Estou no começo do meu desespero, e só vejo dois caminhos: ou viro doida, ou santa. Você tinha razão quando dizia que eu parecia muito doente, sua alma sensível, sem esforço, percebia. Não por acaso, foi tempo à beça rolando pelos consultórios, diagnósticos equivocados, lembra? Meus músculos estão duramente comprometidos. Esse hiato tinha que ser, tinha que ser, minha amiga. O tratamento é uma quimioterapia, às vezes, tomo quinze comprimidos numa manhã, fora o omeprazol, para segurar o tranco. Tem dia de sol e tem dia nublado, dependendo da náusea e do grau da azia. O médico mandou controlar o apetite, não posso engordar, já vou inchar um bocado por causa da cortisona.

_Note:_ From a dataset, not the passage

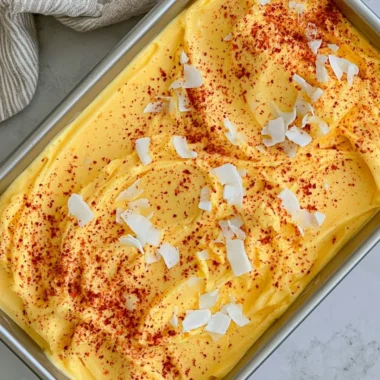 Chili Lime Mango Sorbet in a bowl garnished with lime and chili flakes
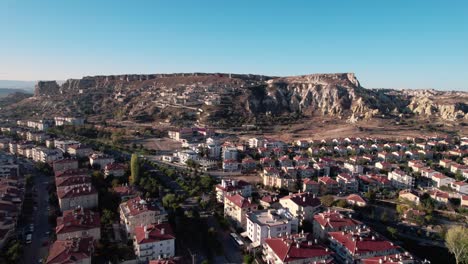 Aerial-drone-shot-over-Urgup-Town-houses-over-Temenni-Hill-in-Cappadocia-Region,-Turkey-during-morning-time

Pela graça divina, até o momento, continuo sem um tico de fome, que o fastio me acompanhe até a reta de chegada. Não sei para onde vou seguindo, Ira, o pior da estrada é esse seguir sozinha. O marido sai às nove e volta às nove, eu aqui chupando dedo, o olhar mendigo dos cães, por solução. Minha irmã mais velha, a aposentada, vem cuidar de mim, donde concluo que fiz algum arremedo de bem, ao menos, nas escalas da infinita viagem. Não nasci para quatro paredes, minha praia é a muvuca, a suruba, eu adoro, eu me amarro no chão da praça. Tamanho intervalo é um elefante: incomoda as pessoas que curtem minha doce companhia. É uma depuração, mulher, uma muda de pele, saca? Pedaços necrosados de mim, despregando-se do osso, um óbito interior, íntimos vãos se abrindo para o acolhimento do realmente, profundamente, assustadoramente novo. Penso demais no peso inútil que carreguei nas costas, um baú de lembranças entristecidas, que a débil carcaça, a muque, sustentava, tanta revolta, tanto abandono, tanta pena, tanto desconsolo, tanto sacrifício para arrimar minhas trêmulas verdades, particulares. A solidão abusa da hospitalidade, invade os espaços, rasga o fole, as flores da cortina, as perebinhas supurando, a parte bacana são os quebra-cabeças que, definitivamente, desisti de montar, larguei alhures, o que nunca entendi, jamais entenderei, pecinhas restantes, desemparelhadas, na caixa, tenho limitações importantes das quais nem por sonho me liberto, você sabe. Para que tanta perna, meu Deus?, pergunta meu coração. Porém, meus olhos não perguntam nada. Meu destino, depois do mergulho ornamental, é subir à tona, tomar um ar, beijar às claras, interminavelmente, até que os olhos mudem de cor, possivelmente plantar, no futuro do presente, a semente de um enredo diferente. 
   

Dedicada a Iracema, para quem eu sou ‘my love’. I love you too, ‘tatu’.